The main problem is about path stored elsewhere than libzim (bookmarks) with may now become invalid with a update of a zim file. (If we think that this case is pretty rare or acceptable, we could remove the compatibility layer)

kelson42 commented 10 months ago

@mgautierfr We have to be able to list entries per namespace in the libzim. I strongly oppose the idea that only the namespace C entries are free to the publisher to customize. We should really fix this soon, zimdump been broken, this is a regression and we have real lack of introspection tool.

mgautierfr commented 10 months ago

I strongly oppose the idea that only the namespace C entries are free to the publisher to customize

Well, that was the whole purpose of https://github.com/openzim/libzim/issues/345 and https://github.com/openzim/libzim/pull/406, which is 3 years old.

It was explained in https://github.com/openzim/libzim/issues/325#issue-609126653 (explicitly in Removing namespace section)

In https://github.com/openzim/zim-tools/issues/315#issuecomment-1235570245 you explicitly say that "The right approach is probably to remove fully the namespace concept"

If, as you said in https://github.com/openzim/zim-tools/pull/316#pullrequestreview-1749210968 you have fail to know if a zim has a full text index or not, we should probably fix zimdump to give this information with zimdump info. (libzim itself already have the hasFulltextIndex method)

veloman-yunkan commented 10 months ago

As long as docstrings are concerned, it looks like all API functions mentioning the namespace concept have to be reviewed and their documentation corrected.

kelson42 commented 10 months ago

@mgautierfr Thank you for your documented feedback. This complete the live discussion we had two weeks ago.

Let me try to better phrase my opinion (and it might have changed since last years): 1 - There is a clear functionality problem at zimdump level 2 - There is at least a problem of feature a the libzim problem where we have implicit behaviour, misleading function/method names 3 - I believe pushing the idea that zimdump can not list any namespace except C (or maybe H at some point) to be an error caused by pushing the concept of namespace abstraction too far (ie. totally unavailable for anything outside the libzim). I might have changed of opinion on this and you have - with talent - argumented against that idea... this stays my feeling.

I might have misunderstanding something around the lizbim7 namespace concept. To me, more probably, this was something always a bit unclear ("fully hide namespaces to everything" vs "hide namespaces to the scraper and readers by providing user friendly primitives") as the main goal was to get things working. The fact that the libzim is not fully "clear" around the namespace depending functions and that zimdump (basically the only tool "presenting" the namespaces) tend the validate this theory.

Today, why we are here does not matter very much. I would be happy to be wrong on the whole line if things are clean and working fine. Getting to that level is the priority. @veloman-yunkan @mgautierfr Could you agree on a plan for both libzim/zimdump so we can move forward?

mgautierfr commented 10 months ago

I see two solutions here (which are not exclusives)

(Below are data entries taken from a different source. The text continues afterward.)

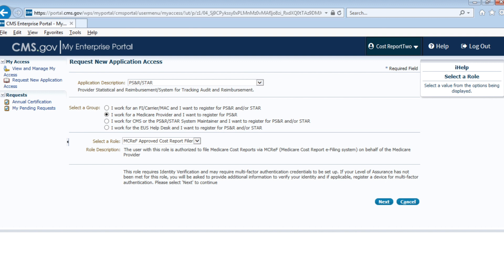Please select Next to continue, or Cancel to not add the electronic device you are using. Choose the 'I work for a Medicare provider' option if you are an employee of a provider, work at a home office of a provider, or you have contracted with a Medicare provider.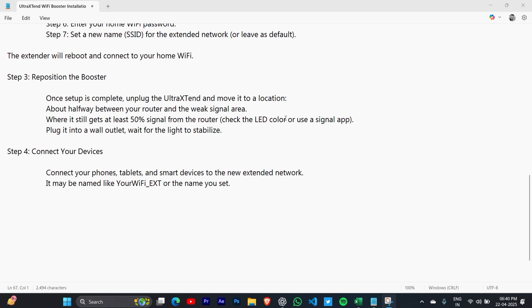Connect your devices: your phones, tablets, or smart devices to the new extended network. It may be named like YourWiFi_EXT or the name you set. This is the video, thank you so much for watching.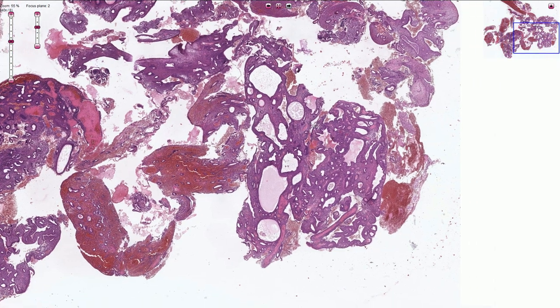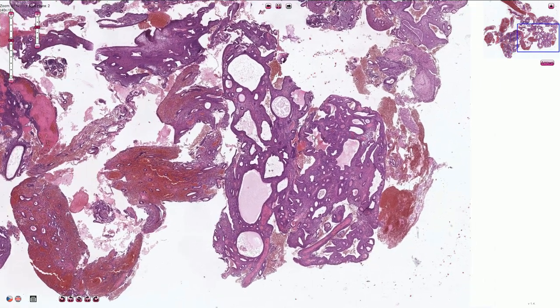Simple endometrial hyperplasia is typically described as having a swiss cheese pattern, meaning that these dilated endometrial glands look like the holes in the swiss cheese.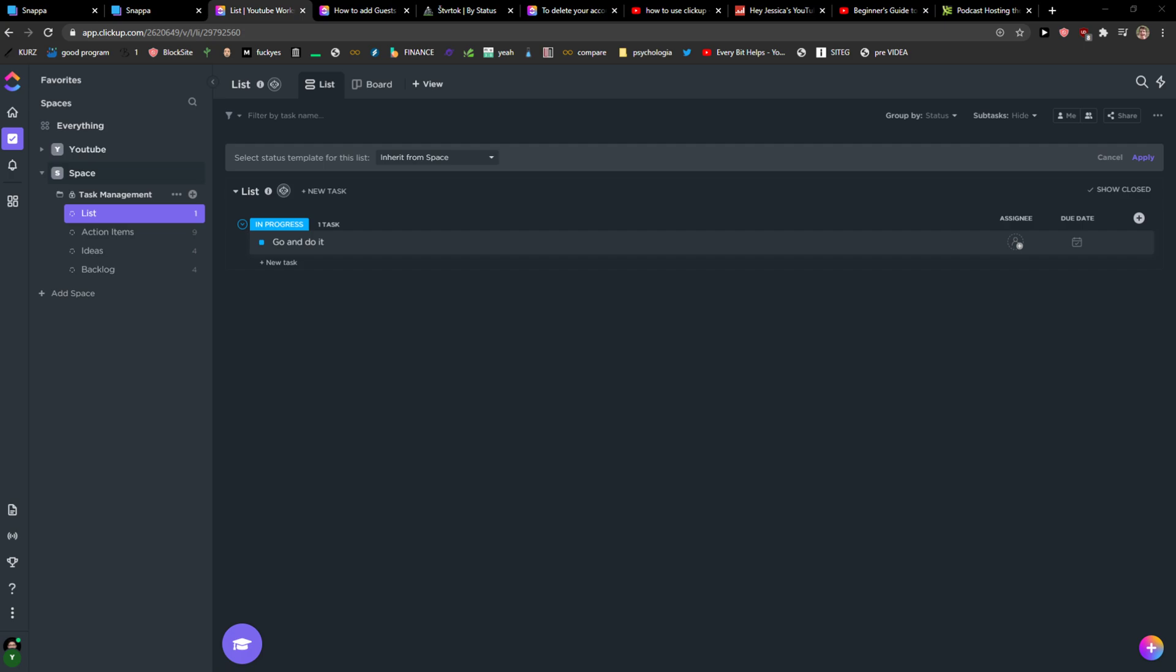Everybody, my name is Markus and in this video I will show you a simple way how you can change workspace profile picture or workspace picture in ClickUp. So let's start.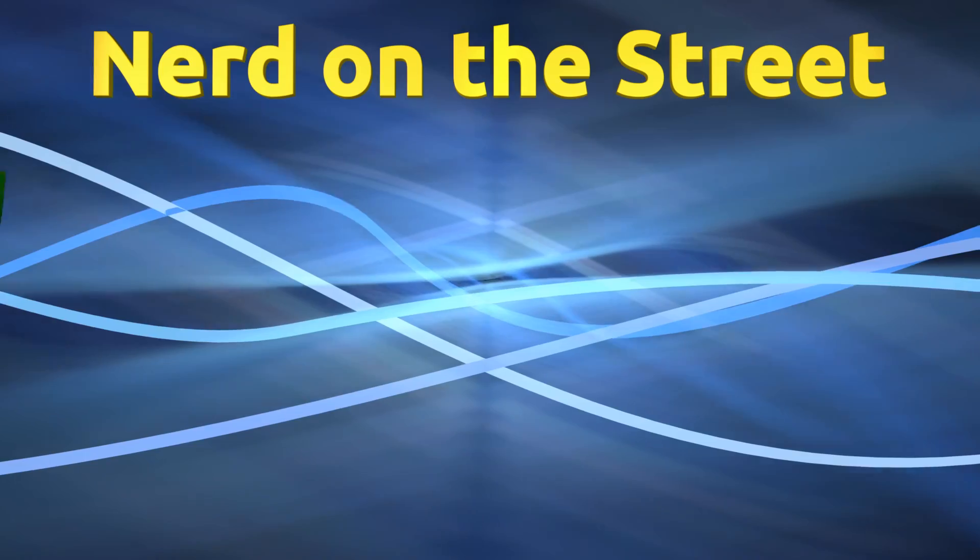Hello everyone, I'm Jacob Kaufman, I'm the Nerd on the Street, and today we are installing Ubuntu Budgie 18.04.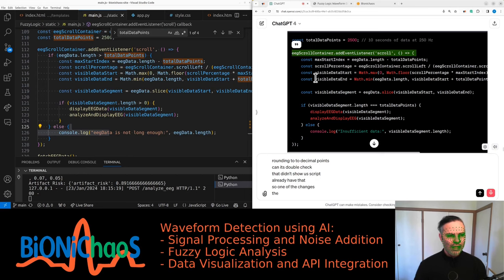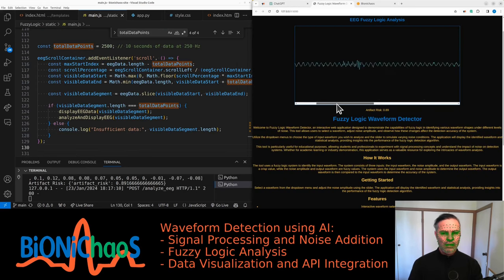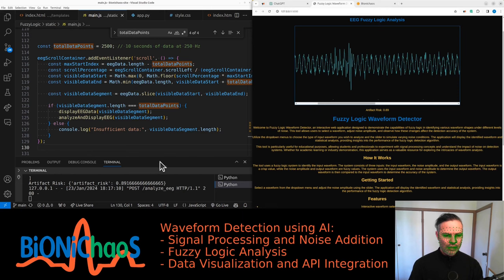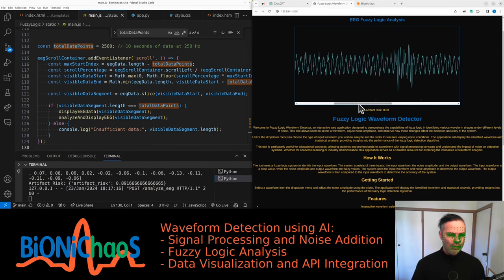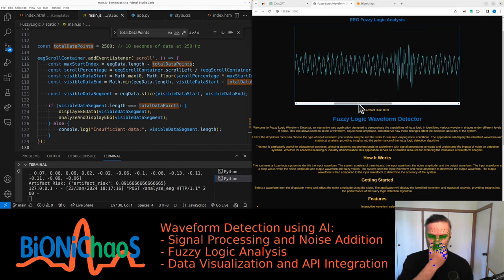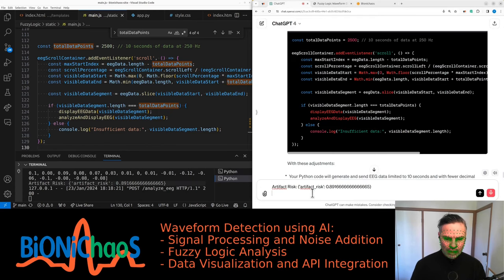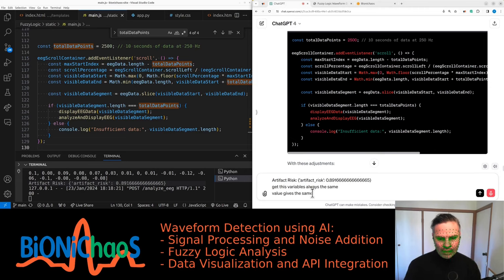Yeah, the constant being outside the if loop makes sense, right? The numbers are changing, CPU is doing extra hours. Okay, this variable is always the same value—it gives the same value. Why?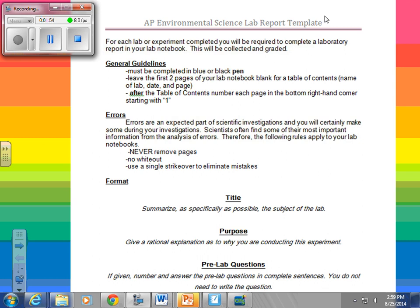After the table of contents, you are going to number each page at the bottom right-hand corner starting with number one. And you're never going to write on the back of a page — make sure you realize you're always going to write on the front side, never on the back.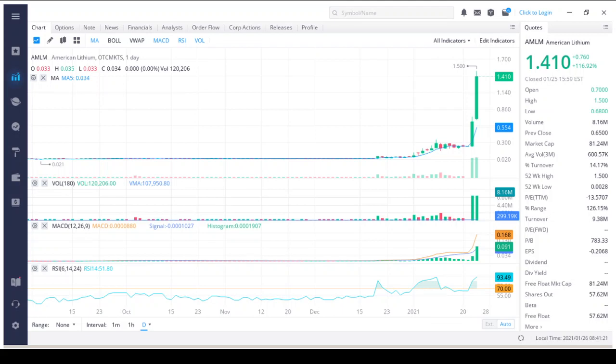The company was formerly known as Nugget Resources Inc and changed its name to American Lithium Minerals Inc in March 2009. American Lithium Minerals Inc was founded in 2005 and is based in Henderson, Nevada.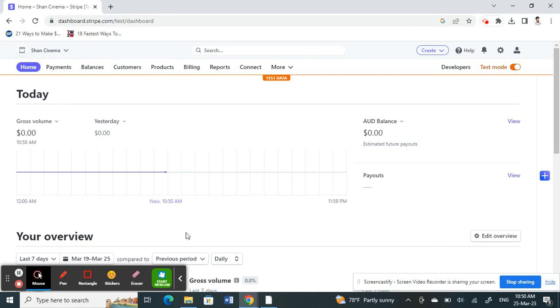You will see an option called test mode here. By default your account will be in test mode. What you have to do is you need to make your account go live. In that way, if your account is on live, then it will initiate the verification process.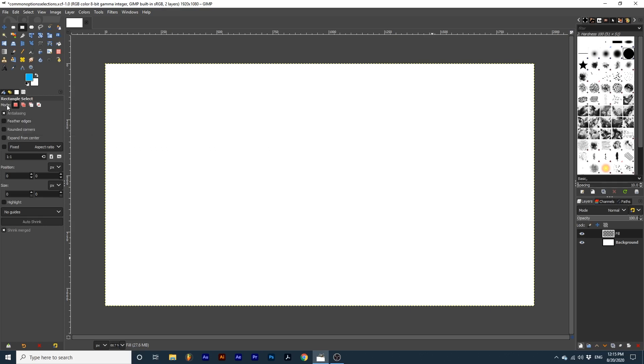Mode determines how each new selection you create will interact with the previous selection in your project. Replace the current selection will create a new selection every time.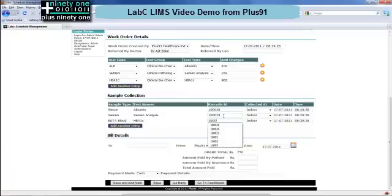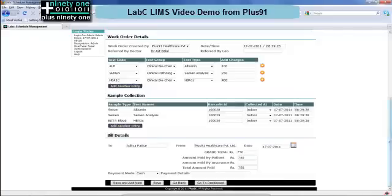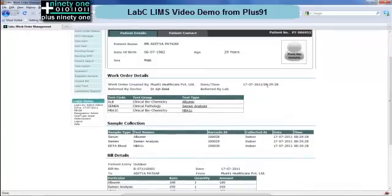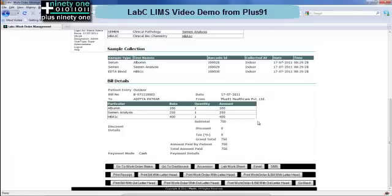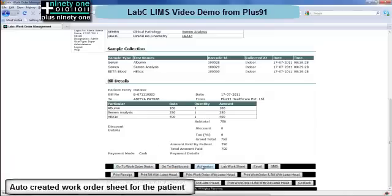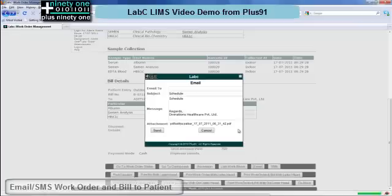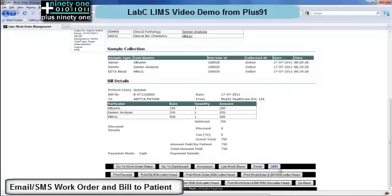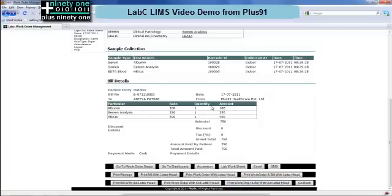Once the sample collection is done, automatically below you see that the total billing has been done. Simply enter the patient name and how much the patient has paid, and click on save. If you click on save and add next, it automatically takes you to the next entry or blank save. This saves time when multiple work orders need to be entered. You can see the entire schedule along with the test samples and the bill. You can print the receipt, the bill, and the entire schedule. You can email the entire schedule, print the lab worksheet, and SMS a reminder to the patient. Hence a whole gamut of options are possible once the work order entry is done.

List what is expected for things which "are clean and working fine". (Ie, what features we want in zimdump). Issue openzim/zim-tools#316 is somehow already expecting a way to implement things, it is not a feature request (even if there is nothing wrong with the issue). My point is that we should remove namespace option from zimdump, but we have to list what we want to do with it to check it is ok and see what API we need. THEN, extend the libzim API to provide access to specific data. (We already have API for access user content (C), metadata (M), xapian databases (through search functions or with hasFulltextIndex))
Add a low level api in libzim to access raw/low structures in zim file. (FileImpl may be a good candidate)

Jaifroid commented 9 months ago

I see three arguments for keeping the ability of libzim to understand (at least) namespaces:

Backward compatibility with Type 0 ZIMs (lots of people archive them), since these use the full range of namespaces;
The fact that under the hood, there actually are namespaces C M W X in the ZIM, they are just generally abstracted by libzim (but not by the Kiwix JS implementation);
Future needs we can probably anticipate, e.g., storing Request or Response Headers in an H namespace, and others we can't anticipate right now.

Regarding this issue, all I can add is that from the Kiwix JS perspective, it would be useful to have consistency amongst the libzim APIs (we are in the process of integrating the javascript-libzim port into Kiwix JS more fully).

kelson42 commented 9 months ago

List what is expected for things which "are clean and working fine". (Ie, what features we want in zimdump).

It has been essential to provide namespace independant, high level, functions and helper at both writer and reader level. This has been necessary to make everything robust, simpler and offering a homogenous user experience throug all readers.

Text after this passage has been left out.